= Schlenk equilibrium =

Type of chemical equilibrium

The Schlenk equilibrium, named after its discoverer Wilhelm Schlenk, is a chemical equilibrium taking place in solutions of Grignard reagents and Hauser bases

2 RMgX MgX_{2} + MgR_{2}

The process described is an equilibrium between two equivalents of an alkyl or aryl magnesium halide on the left of the equation and one equivalent each of the dialkyl or diaryl magnesium compound and magnesium halide salt on the right. Organomagnesium halides in solution also form dimers and higher oligomers, especially at high concentration. Alkyl magnesium chlorides in ether are present as dimers.

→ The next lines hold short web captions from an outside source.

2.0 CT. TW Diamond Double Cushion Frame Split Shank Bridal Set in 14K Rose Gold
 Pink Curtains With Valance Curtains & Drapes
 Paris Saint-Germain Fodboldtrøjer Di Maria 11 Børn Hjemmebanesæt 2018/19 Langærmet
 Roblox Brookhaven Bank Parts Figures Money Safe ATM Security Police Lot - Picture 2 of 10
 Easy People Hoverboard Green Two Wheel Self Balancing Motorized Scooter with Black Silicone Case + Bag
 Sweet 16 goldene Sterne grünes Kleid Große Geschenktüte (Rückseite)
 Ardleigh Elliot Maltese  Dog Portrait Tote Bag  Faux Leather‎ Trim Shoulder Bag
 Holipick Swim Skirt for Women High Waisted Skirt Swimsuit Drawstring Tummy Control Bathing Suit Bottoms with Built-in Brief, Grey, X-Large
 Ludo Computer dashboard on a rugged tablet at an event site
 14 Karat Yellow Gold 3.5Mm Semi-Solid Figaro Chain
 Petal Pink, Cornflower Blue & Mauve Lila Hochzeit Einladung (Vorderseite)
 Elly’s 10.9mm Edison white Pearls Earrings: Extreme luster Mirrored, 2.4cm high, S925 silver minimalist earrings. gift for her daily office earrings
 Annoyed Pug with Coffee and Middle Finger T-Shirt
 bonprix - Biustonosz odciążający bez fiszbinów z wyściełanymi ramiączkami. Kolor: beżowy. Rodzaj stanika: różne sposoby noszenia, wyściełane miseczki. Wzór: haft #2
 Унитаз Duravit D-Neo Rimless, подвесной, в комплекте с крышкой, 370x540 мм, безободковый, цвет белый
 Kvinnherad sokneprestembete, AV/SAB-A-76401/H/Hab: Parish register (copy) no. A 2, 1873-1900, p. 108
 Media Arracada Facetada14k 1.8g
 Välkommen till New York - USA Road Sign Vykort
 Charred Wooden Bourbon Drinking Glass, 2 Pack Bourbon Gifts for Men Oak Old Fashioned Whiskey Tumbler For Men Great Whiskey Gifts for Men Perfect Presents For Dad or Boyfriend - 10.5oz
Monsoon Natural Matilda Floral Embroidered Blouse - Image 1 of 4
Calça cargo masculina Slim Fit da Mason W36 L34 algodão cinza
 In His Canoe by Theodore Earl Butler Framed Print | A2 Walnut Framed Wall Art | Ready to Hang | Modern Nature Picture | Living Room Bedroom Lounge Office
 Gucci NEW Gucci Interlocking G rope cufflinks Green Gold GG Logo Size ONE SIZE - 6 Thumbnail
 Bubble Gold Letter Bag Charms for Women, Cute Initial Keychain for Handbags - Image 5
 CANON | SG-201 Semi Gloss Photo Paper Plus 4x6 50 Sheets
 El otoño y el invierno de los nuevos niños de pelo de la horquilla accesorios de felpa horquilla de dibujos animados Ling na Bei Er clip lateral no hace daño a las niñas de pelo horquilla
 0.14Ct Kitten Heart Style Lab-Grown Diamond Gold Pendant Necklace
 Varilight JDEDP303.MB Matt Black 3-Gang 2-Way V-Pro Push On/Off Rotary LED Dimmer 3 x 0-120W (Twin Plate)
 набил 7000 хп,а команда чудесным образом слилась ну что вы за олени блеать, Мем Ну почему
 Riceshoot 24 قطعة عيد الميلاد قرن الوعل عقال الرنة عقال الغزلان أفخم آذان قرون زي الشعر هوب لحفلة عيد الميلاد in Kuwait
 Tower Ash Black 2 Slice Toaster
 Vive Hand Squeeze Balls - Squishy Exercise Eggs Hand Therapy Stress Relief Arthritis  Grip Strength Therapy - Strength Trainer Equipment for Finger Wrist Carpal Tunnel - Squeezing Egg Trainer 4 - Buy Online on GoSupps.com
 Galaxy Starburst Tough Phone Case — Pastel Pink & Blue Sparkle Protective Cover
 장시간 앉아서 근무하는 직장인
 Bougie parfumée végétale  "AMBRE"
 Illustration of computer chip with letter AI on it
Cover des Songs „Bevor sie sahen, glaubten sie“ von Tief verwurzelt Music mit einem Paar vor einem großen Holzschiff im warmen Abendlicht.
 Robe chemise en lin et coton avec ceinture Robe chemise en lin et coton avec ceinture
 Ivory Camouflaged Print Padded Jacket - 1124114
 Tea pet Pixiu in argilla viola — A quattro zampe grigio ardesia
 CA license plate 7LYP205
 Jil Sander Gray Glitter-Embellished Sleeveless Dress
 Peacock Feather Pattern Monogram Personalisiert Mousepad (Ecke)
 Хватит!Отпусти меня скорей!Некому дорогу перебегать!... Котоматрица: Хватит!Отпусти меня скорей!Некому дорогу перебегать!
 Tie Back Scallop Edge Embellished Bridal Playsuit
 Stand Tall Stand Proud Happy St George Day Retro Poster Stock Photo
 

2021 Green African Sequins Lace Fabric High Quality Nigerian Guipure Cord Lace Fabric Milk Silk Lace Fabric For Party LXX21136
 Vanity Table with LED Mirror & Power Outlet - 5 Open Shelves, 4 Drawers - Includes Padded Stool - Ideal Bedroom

The position of the equilibrium is influenced by solvent, temperature, and the nature of the various substituents. It is known that magnesium center in Grignard reagents typically coordinates two molecules of ether such as diethyl ether or tetrahydrofuran (THF). Thus they are more precisely described as having the formula RMgXL_{2} where L = an ether. In the presence of monoethers, the equilibrium typically favors the alkyl- or arylmagnesium halide. Addition of dioxane to such solutions, however, leads to precipitation of the coordination polymers MgX_{2}(μ-dioxane)_{2}, driving the equilibrium completely to the right. The dialkylmagnesium compounds are popular in the synthesis of organometallic compounds.